Photo © Wikimedia Creative Commons, licence GNU FDL

Une pièce Dragendorff 30 relativement tardive. Son décor empâté, victime de surmoulages successifs, est caractéristique de la production de masse dès la seconde moitié du IIème siècle.
Photo © Wikimedia Creative Commons, licence GNU FDL
 A cette époque, bon nombre de ces tentatives régionales auront tourné court, au profit de nouveaux monopoles régionaux. Les ateliers africains inonderont le pourtour de la Méditerranée, tandis qu’en Gaule du Centre les officines de Lezoux s’imposeront. En Gaule du Nord, ce seront les ateliers de la Vallée de l’Argonne qui domineront, tandis que les productions de Rheinzabern et de Trèves se réserveront les marchés du Rhin et du Haut-Danube.
Caractéristique des productions des IIème et IIIème siècles, ce Dragendorff 38 provient de Rheinzabern.

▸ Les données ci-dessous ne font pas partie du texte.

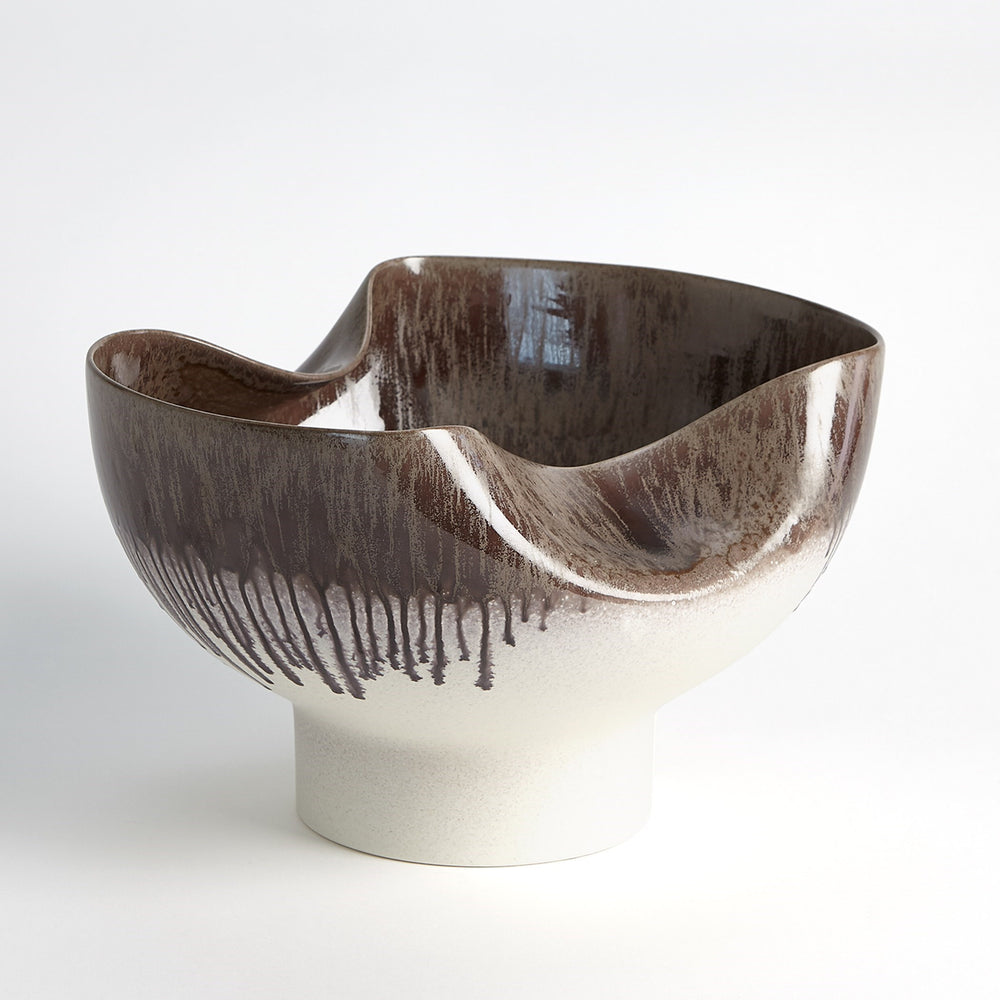 Dented Bowl and Vases Amethyst Drip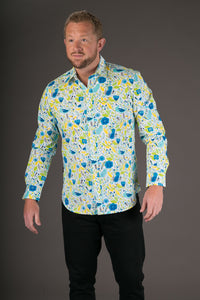 Blue Yellow Birds Floral Print Cotton Slim Fit Mens Shirt Long Sleeve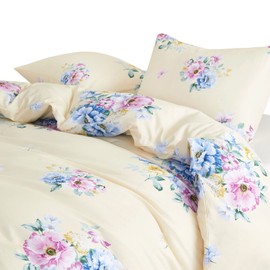 Wake In Cloud - Shabby Chic Comforter Set, Floral Farmhouse Cottagecore Vintage Colorful Pastel Spring Flowers, Soft Lightweight Bedding for Women Girls, 3 Pieces, Yellow, King Size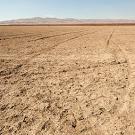 Dry field land stretching to the dry coastal mountains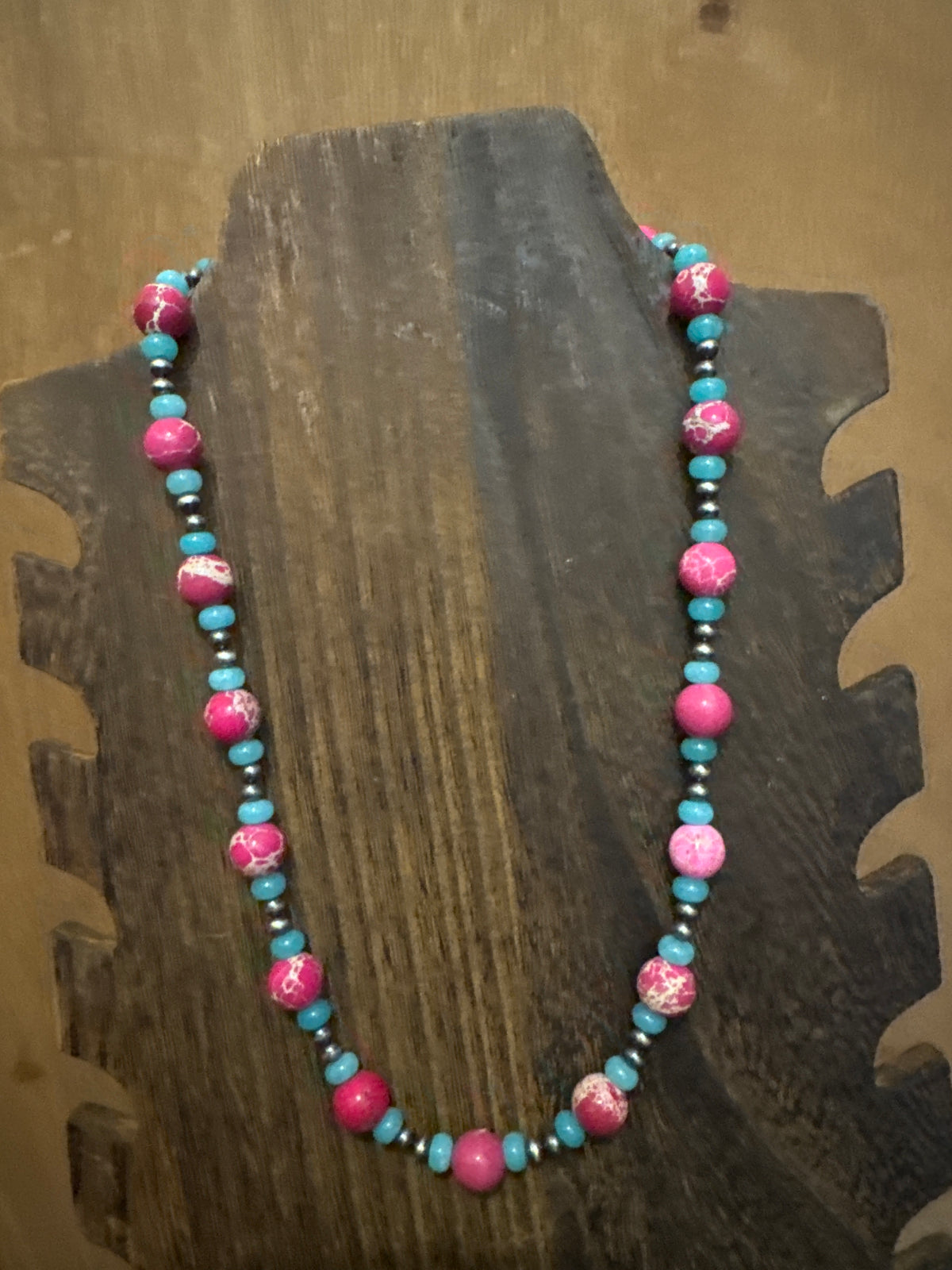 Pink sea sediment, sterling silver, and blue Opal necklace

Mais le IIIème siècle, c’est aussi, notamment à partie des années 235 sur le Rhin, puis 255-260 dans les autres régions une période de grande instabilité politique et militaire. Ce seront 50 ans de crise aigüe qui vont bouleverser tous les circuits commerciaux et migrations aidant initier de nouvelles formes d’organisation sociale. D’importantes évolutions marqueront les productions aussi bien que les processus de diffusion de la céramique.  On entre dans l’Antiquité tardive, et traiter de la production de la sigillée de cette période nécessitera un autre billet, tant les changements sont importants

Un calice de Rheinzabern. Ce genre de pièce est plutôt rare,
mais montre que malgré une production parfois hâtive,
les potiers gallo-romaine n’avaient rien perdu de leur
créativité au IIIème siècle.
 Pour y voir plus clair, une étude progressive région par région serait nécessaire, et ce n’est pas l’objet de cet article. Un ou plusieurs livres seraient nécessaires. On pourra toutefois se référer à l’excellent :
LA CERAMIQUE ROMAINE EN GAULE DU NORD. Dictionnaire des céramiques: Raymond Brulet, Fabienne Vilvorder et Richard Delage . Brepols Publishers, Turnhout, Belgique, 2010. ISBN 978-2-503-53509-8.

Cet ouvrage, bien que traitant essentiellement de la Gaule du Nord, présente un excellent panorama des céramiques fines, pour la plupart commercialisées bien au-delà de cette région. C’est un ouvrage de référence pour quiconque s’intéresse à la céramique gallo-romaine dans son ensemble.